This week, the Competitive Enterprise Institute (CEI), a Washington, D.C.-based organization dedicated to the principles of free enterprise and limited government, will score a vote in the U.S. House of Representatives in its consideration of the National Defense Authorization Act for Fiscal Year 2015 (H.R. 4435). The defense authorization is one of the largest bills considered each year. The vote below pertains to employment considerations for America’s labor force, both governmental and private. The score will be incorporated into CEI’s Congressional Labor and Employment Scorecard, which can be seen in full on CEI’s labor and employment policy website, WorkplaceChoice.org. INSOURCING AND OUTSOURCING In the course of government operations, work and employees are transferred between the federal government and private employers through “insourcing,” whereby government once performed by the private sector is brought under government control, and “outsourcing,” whereby the private sector takes over some government functions. When deciding whether to insource or outsource, policy makers should follow a basic principle: Businesses should not be subjected to unfair competition from government entities. A good guide is the “Yellow Pages” test, which has been applied by mayors and governors around the nation, both Democrat and Republican. It operates under a simple premise: If you can find a private sector firm providing products or services that the government is also providing, then the service should be provided by the private sector. This would insert market competition into the government procurement process, break up government monopolies, and provide better value for taxpayers.
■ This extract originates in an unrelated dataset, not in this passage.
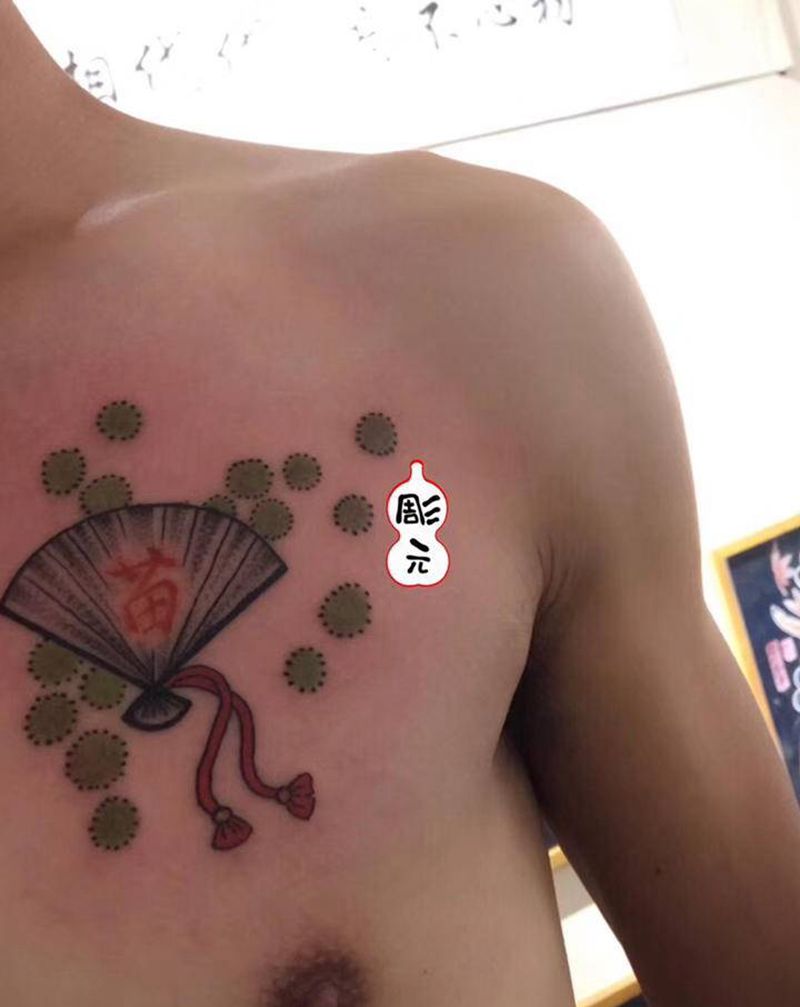 折扇纹身图片_老传统纹身图案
Government workers cost more per hour worked than private sector employees. As the Congressional Budget Office concluded in 2012, “On average for workers at all education levels, benefits for federal employees cost about $20 per hour worked, whereas benefits for private-sector employees cost $14, CBO estimates.” A leaner, more efficient government is a worthy goal. The Competitive Enterprise Institute supports the following insourcing- and outsourcing-related amendments to help achieve it: Jenkins (KS) AMDT #135 – Places a moratorium within DOD on insourcing commercial activities, and requires a “reverse A-76” to insource
- Slows the growth of the government’s size and scope by placing the burden on DOD to prove a need for shifting commercial activities from private sector firms to DOD operations.
- Requires an official cost accounting to be performed and documented in order to identify whether DOD performance is more cost effective than that of private sector contractors.
- Helps protect private sector firms from losing contracts taken away unfairly by the Federal government.